- TASK BRIEF
Please reproduce the lines of the records below from the one holding "Hi everyone, my" through the one holding "Now, let's make", inclusive, skipping all pictures.

- INFORMATION
------------------------------------
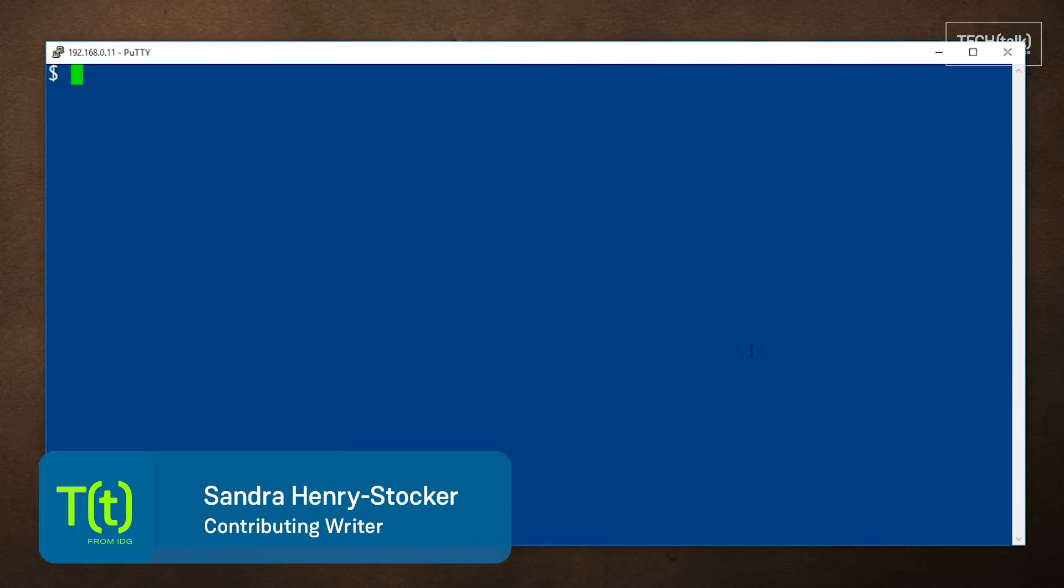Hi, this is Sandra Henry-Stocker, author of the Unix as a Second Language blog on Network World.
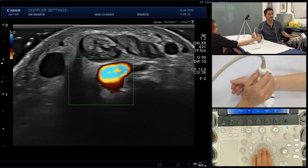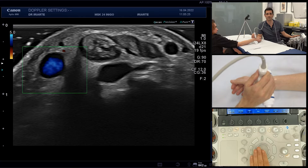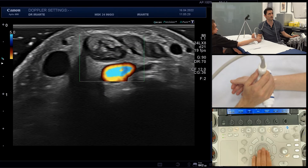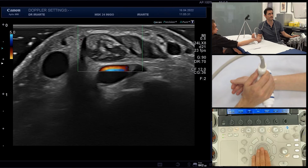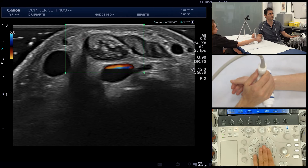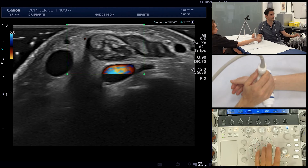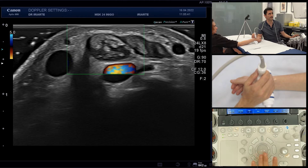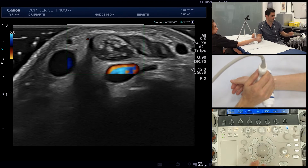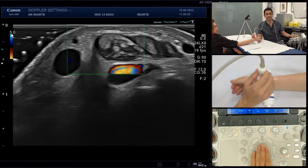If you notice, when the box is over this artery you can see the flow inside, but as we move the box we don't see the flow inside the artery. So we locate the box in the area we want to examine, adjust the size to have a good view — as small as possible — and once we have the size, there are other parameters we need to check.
------------------------------------
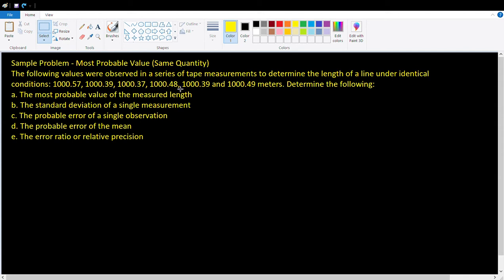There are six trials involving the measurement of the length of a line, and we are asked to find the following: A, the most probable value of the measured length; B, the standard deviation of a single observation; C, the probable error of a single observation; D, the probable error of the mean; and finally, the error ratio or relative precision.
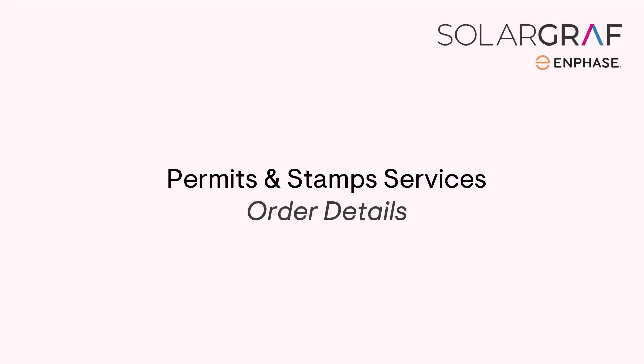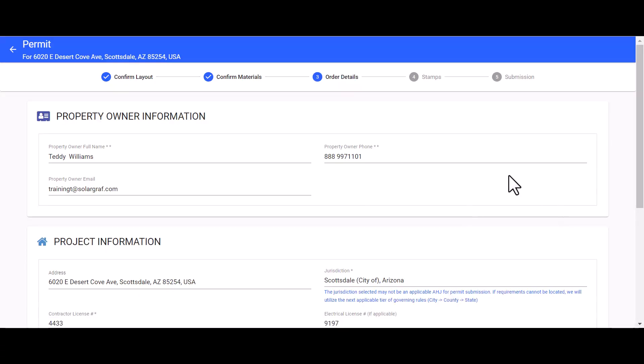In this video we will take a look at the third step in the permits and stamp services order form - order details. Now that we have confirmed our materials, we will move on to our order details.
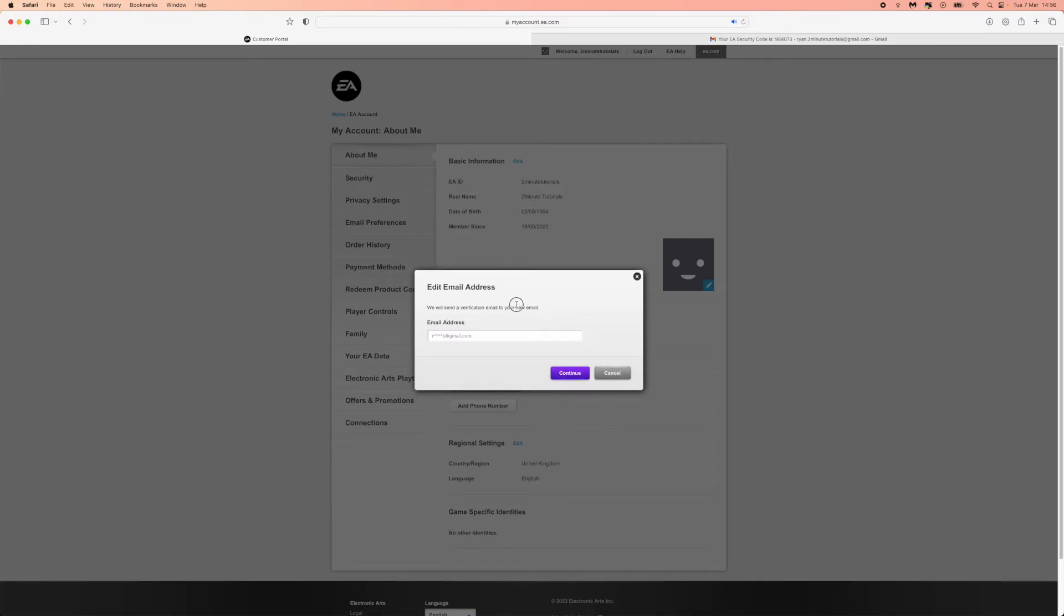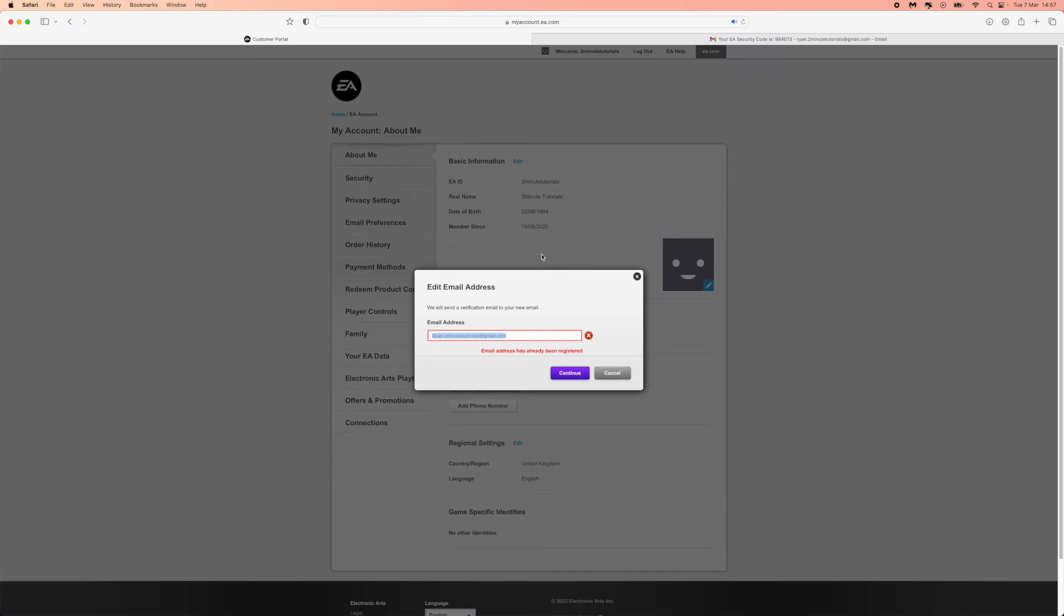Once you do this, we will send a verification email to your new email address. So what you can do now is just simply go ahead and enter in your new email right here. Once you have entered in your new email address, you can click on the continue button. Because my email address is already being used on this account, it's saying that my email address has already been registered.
------------------------------------
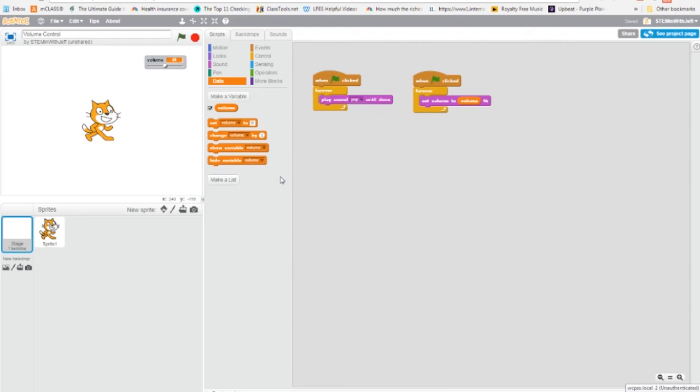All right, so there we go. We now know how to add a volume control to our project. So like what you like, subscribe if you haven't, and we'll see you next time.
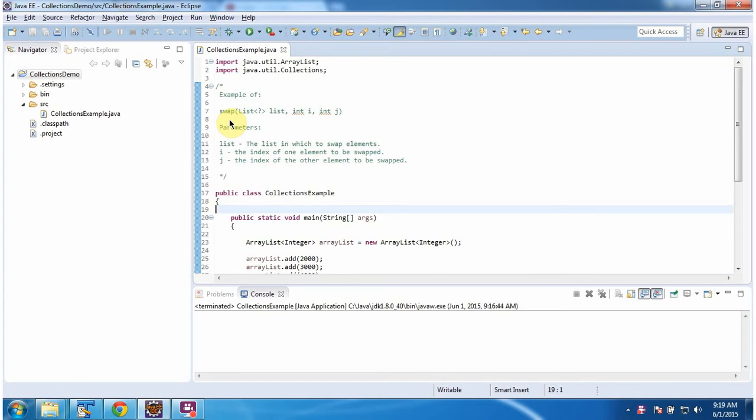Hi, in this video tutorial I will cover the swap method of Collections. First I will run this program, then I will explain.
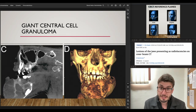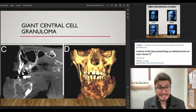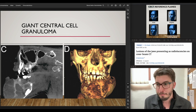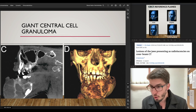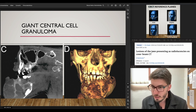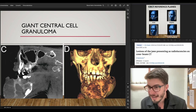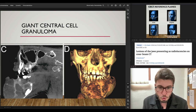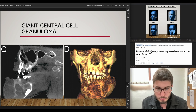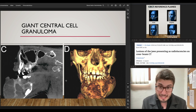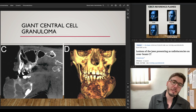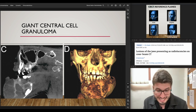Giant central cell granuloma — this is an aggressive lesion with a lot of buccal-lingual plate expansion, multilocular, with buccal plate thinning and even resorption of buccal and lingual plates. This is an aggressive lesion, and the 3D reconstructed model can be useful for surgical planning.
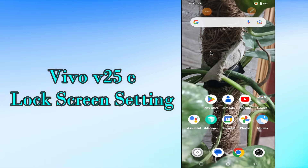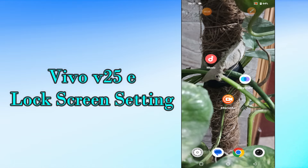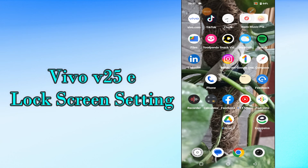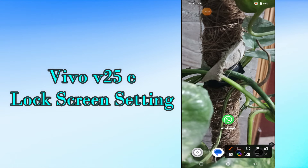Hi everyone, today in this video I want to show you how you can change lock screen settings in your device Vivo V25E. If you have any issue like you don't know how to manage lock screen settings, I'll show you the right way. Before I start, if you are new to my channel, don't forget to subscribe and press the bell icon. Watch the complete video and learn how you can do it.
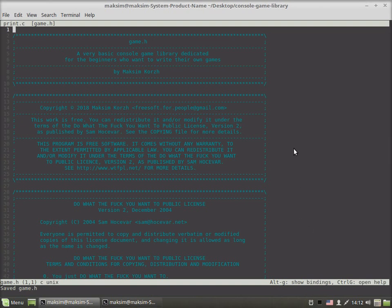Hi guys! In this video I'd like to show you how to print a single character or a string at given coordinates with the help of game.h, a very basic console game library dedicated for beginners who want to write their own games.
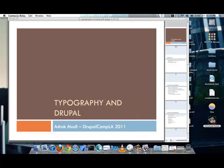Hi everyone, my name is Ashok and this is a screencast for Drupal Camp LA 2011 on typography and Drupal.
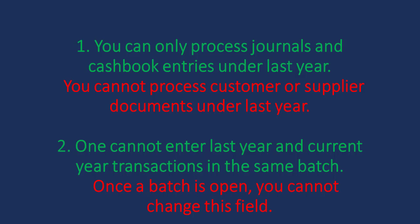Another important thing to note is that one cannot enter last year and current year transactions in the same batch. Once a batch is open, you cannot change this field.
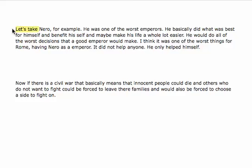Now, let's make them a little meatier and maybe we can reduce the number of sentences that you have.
------------------------------------
- WRITTEN REPLY
Hi everyone, my name is Ashok and this is a screencast for Drupal Camp LA 2011 on typography and Drupal.
Another important thing to note is that one cannot enter last year and current year transactions in the same batch. Once a batch is open, you cannot change this field.
Now, let's make them a little meatier and maybe we can reduce the number of sentences that you have.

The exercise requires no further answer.